Pour l’acheteur, le crédit vendeur permet de contourner les contraintes du système bancaire classique et de faciliter la réalisation de l’opération.

Pour le vendeur, ce dispositif peut justifier un prix de vente plus élevé, puisque le risque financier repose principalement sur lui. En contrepartie, il peut bénéficier d’un rendement via les intérêts perçus et accélérer la conclusion de la transaction.

Le crédit vendeur pour un fonds de commerce

Le crédit vendeur peut s’appliquer à la cession d’un fonds de commerce entre professionnels. On parle alors de crédit vendeur entreprise.

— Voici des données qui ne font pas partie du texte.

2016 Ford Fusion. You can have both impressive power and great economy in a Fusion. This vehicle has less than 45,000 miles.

Même lorsque le prix d’acquisition du fonds ou de l’entreprise entre dans la capacité financière du repreneur, celui-ci doit souvent prévoir des ressources complémentaires pour financer le développement de l’activité, la trésorerie initiale ou encore constituer un coussin de sécurité afin d’anticiper les aléas du démarrage.

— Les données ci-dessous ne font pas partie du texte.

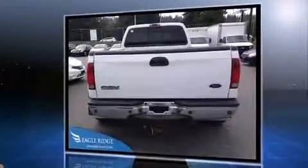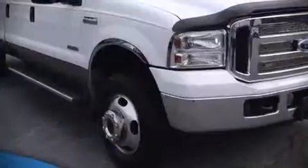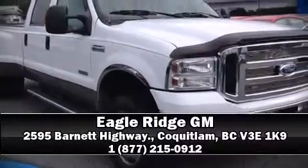Our knowledgeable sales staff is available to answer any questions that you might have. Stop in and take a test drive.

Lorsque les besoins globaux excèdent les critères d’acceptation bancaire, l’acheteur peut négocier un crédit vendeur avec le cédant pour une partie du financement. Le solde est alors réglé comptant ou couvert par un emprunt bancaire.
Cette réduction du montant sollicité auprès des établissements financiers facilite l’obtention d’un crédit classique.

Les modalités du crédit vendeur

Le crédit vendeur doit obligatoirement faire l’objet d’un acte authentique rédigé devant notaire. Cet acte précise notamment la durée du prêt, le montant accordé, le taux d’intérêt ainsi que les frais annexes.

Lorsqu’un apport comptant est prévu, il est versé par l’acheteur lors de la signature de l’acte. Le crédit vendeur prend effet à compter de cette date.

Le taux d’intérêt est librement fixé par les parties et peut être nul. Dans ce cas, l’acheteur peut proposer un taux à 0 %en contrepartie d’un prix de vente ferme et non négociable à la baisse, une pratique relativement courante.

En règle générale, le crédit vendeur représente 30 à 50 % du besoin total, le reste étant financé par un apport personnel ou un crédit bancaire.
Il s’agit le plus souvent d’un prêt à court terme, d’une durée moyenne de trois ans.

La souscription d’une assurance décès-invalidité au profit du vendeur est indispensable. Par ailleurs, le notaire prévoit une garantie sur le bien cédé, appelée privilège du prêteur de deniers, afin de sécuriser l’intégralité de la créance.

Le crédit vendeur entre particuliers

Le crédit vendeur peut également être accordé entre particuliers, quel que soit le type de projet financé.

Le credit vendeur immobilier

Le credit vendeur immobilier est la forme la plus courante de crédit vendeur entre particuliers. Il répond aux mêmes objectifs que dans le cadre d’une entreprise : permettre à l’acheteur de se passer partiellement du financement bancaire et offrir au vendeur la possibilité de négocier un prix plus juste, voire supérieur.

Dans la pratique, l’acquéreur règle souvent une partie du prix comptant et finance le solde par un crédit vendeur.

Taux du credit vendeur particulier

Les règles applicables au credit vendeur particulier sont identiques à celles du crédit vendeur entreprise. Le taux d’intérêt, la durée et le montant du crédit sont librement définis par les parties, formalisés par un acte notarié authentique.

Les conditions de réussite du credit vendeur

La réussite d’un crédit vendeur repose avant tout sur la confiance entre les signataires.

Dans le cadre d’une cession d’entreprise ou de fonds de commerce, le repreneur peut démontrer sa maîtrise du métier exercé par le cédant. Il est également fréquent que ce dernier accompagne l’acheteur en tant que mentor afin de sécuriser la transmission et d’assurer la continuité de l’activité.